When your system of government is broken, the answer every time is more democracy, not less.
That’s why the Illinois Senate recently voted to dump the mayoral-controlled, appointed Chicago school board system and replace it with an elected, representative school board.
For anyone who’s paid even a bit of attention, it’s obvious the governance of Chicago Public Schools is terribly broken.
In many ways the problems began in 1995 when the then-Republican controlled General Assembly handed authoritarian control of the school system to the mayor of Chicago. The results have been disastrous.
Over 200 schools closed, primarily in minority, disadvantaged neighborhoods, depriving those communities of their primary community anchor. More than 50,000 students of color have left the school system.
Services were privatized through generous no-bid contracts and the finances have been run into the ground. Nowhere is this more evident than in retirement security. In the 1990s, the Chicago teachers’ pension fund was the model of responsible funding. Then then mayor’s appointed board skipped a decade of pension payments creating a massive unfunded liability and driving the districts credit rating to junk status. Now, because of those short-sighted actions, a generation of children must sacrifice classroom resources while Chicagoans deal with tax increases to pay back those debts.
The parade of horribles goes on.
Students have been sexually abused, special education services denied and successive school district CEOs have either left in disgrace or under indictment.
All the while, concerns raised by parents and advocates by an appointed board answering only to the mayor.
The truth is, City Hall has had 26 years to make the case for denying democracy in CPS. It has, by every measure, failed.
More than six years ago, I introduced legislation for an elected, representative school board. Over the years, many legitimate concerns have been raised. I’ve worked to address them through compromise and negotiated changes.
A citywide elected board president will receive substantial media attention, which will serve to educate voters about the current issues. Board members elected from 20 representative districts will ensure that every community of interest has a seat at the table and that community involvement matters more than money.
We added strict conflict of interest and revolving door prohibitions and eliminated pay for board members.
We gave a voice to the non-citizen community by creating an official advisory board and passing legislation to empower non-citizens in the process by strengthening Local School Councils.
Over the years, these provisions have been negotiated extensively with Democrats, Republicans and even Mayor Rahm Emanuel and Mayor Lori Lightfoot.
Most recently, when concerns were raised that a sudden change might cause instability, more concessions were made.

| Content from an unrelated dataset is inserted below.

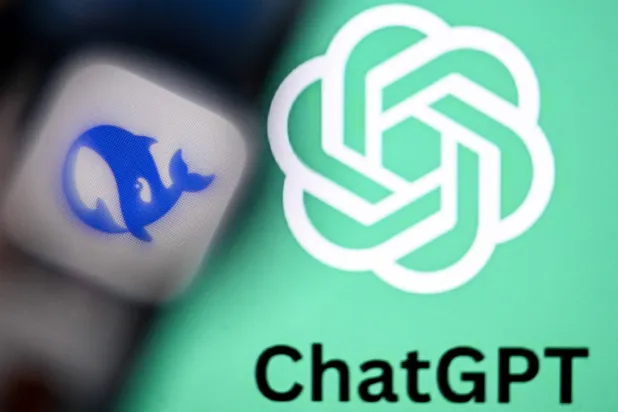 تُظهر صورة التُقطت في 1 أبريل 2025 شعار دردشة «GPT» على شاشة كمبيوتر محمول (يمين) بجوار شعار تطبيق ذكي على شاشة جوال في فرنكفورت أم ماين بغرب ألمانيا (أ.ف.ب)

Half the board would first be elected in 2024 with the full board elected in 2026.
It’s a long time to wait for those who have been fighting more than a decade for the same access to democracy available in every other school district. But it gives ample time to sort out finances and ensure that changes in governance don’t hurt student outcomes.
An elected board will not be perfect. But then neither is our Congress, General Assembly, City Council or any other school board.
An elected Chicago school board does not guarantee better finances, enrollment or student outcomes.
It simply gives voters an opportunity to have a voice in the future of their system of education, and the assurance they can hold board members accountable.
The greatest gift of democracy is the ability to choose your government.
It’s time the voters of Chicago had that same gift.